After the deposition, Bill and Hillary had planned to show the world a united front by going out to dinner at a Washington restaurant. But the day proved to be a lot tougher than the President had expected. The questions the Jones attorneys asked left no doubt that they not only knew about the gifts the President had given Lewinsky, they knew that Lewinsky -- referred to for the purposes of the lawsuit as 'Jane Doe #6" -- had visited the White House more than three dozen times after her transfer to a job at the Pentagon, ostensibly to see Betty Currie, and they knew that United Nations Ambassador Bill Richardson had offered her a job in New York.

The Clintons did not dine out on Saturday evening. And by the time they retired for the night, there was more bad news. The Drudge Report, the Internet gossip sheet loathed but avidly followed at the White House, was reporting that Newsweekhad the intern story but had decided to spike it just minutes before its deadline. Drudge did not disclose Lewinksy's name, but he mentioned the existence of tapes of "intimate phone conversations." This can only have sent a shudder through Clinton, who'd had phone sex with Lewinsky on several occasions.

But what about Hillary Rodham Clinton? Had she known about Monica Lewinsky?The President's dalliance was not exactly unknown inside the walls of the White House. Members of the Secret Service had recognized Lewinsky as the President's mistress and took bets on the timing of her visits to the Oval Office, and Hillary's own deputy chief of staff; Evelyn Lieberman, had been worried enough about Lewinsky's knack for getting close to Bill Clinton to have her transferred from the White House to the Pentagon. Lewinsky, devastated that Clinton had "changed the rules" of their relationship, believed his promise that he would find her another White House job after the 1996 elections, but Linda Tripp heard from a friend who worked for the National Security Council that Lewinsky was persona non grata at the White House and would never be allowed to come back.
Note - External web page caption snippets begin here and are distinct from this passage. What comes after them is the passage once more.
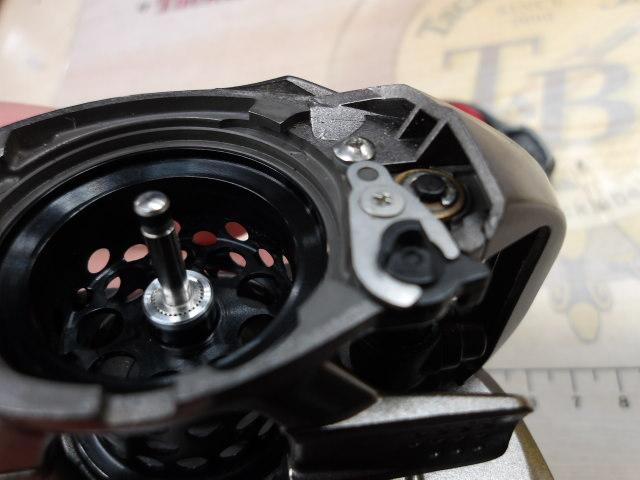 スコーピオンBFS XG LH
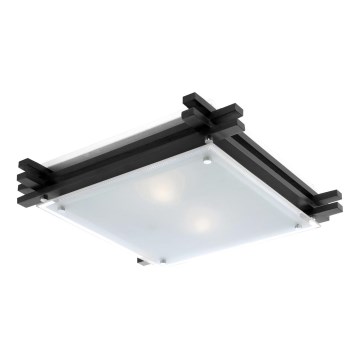 Globo - Deckenleuchte 2xE27/60W/230V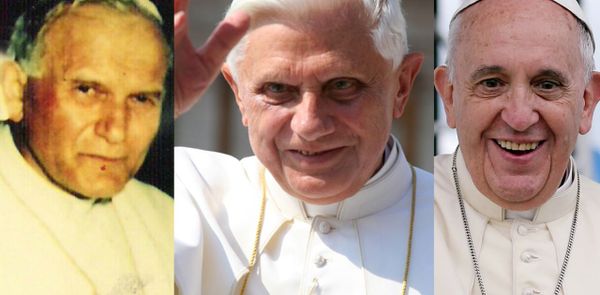 8 mai: fin de la Seconde Guerre mondiale, totalitarismes et papauté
Still, it is possible that Hillary was unaware of all this at the time. Monica Lewinsky was by no means the only woman whose relationship with the President had been the subject of gossip, and her youth and obvious crush on Bill Clinton made her easier to dismiss than most. Just as a woman married to a compulsive gambler isn't necessarily interested in knowing the names of the horses he's lost money on, Hillary knew her husband's weaknesses too well to take an avid interest in the details. Indeed, her loyal staff made an effort to shield her from rumors.As Hillary would tell it, the first she heard of the Monica Lewinsky situation was on Wednesday morning, January 21, the day the story broke in The Washington Post, when her husband woke her from a sound sleep and told her, "You're not going to believe this, but -- I want to tell you what's in the newspapers." Washington insiders had been following Matt Drudge's bulletins on the breaking story for four days, but to Hillary "this came as a very big surprise."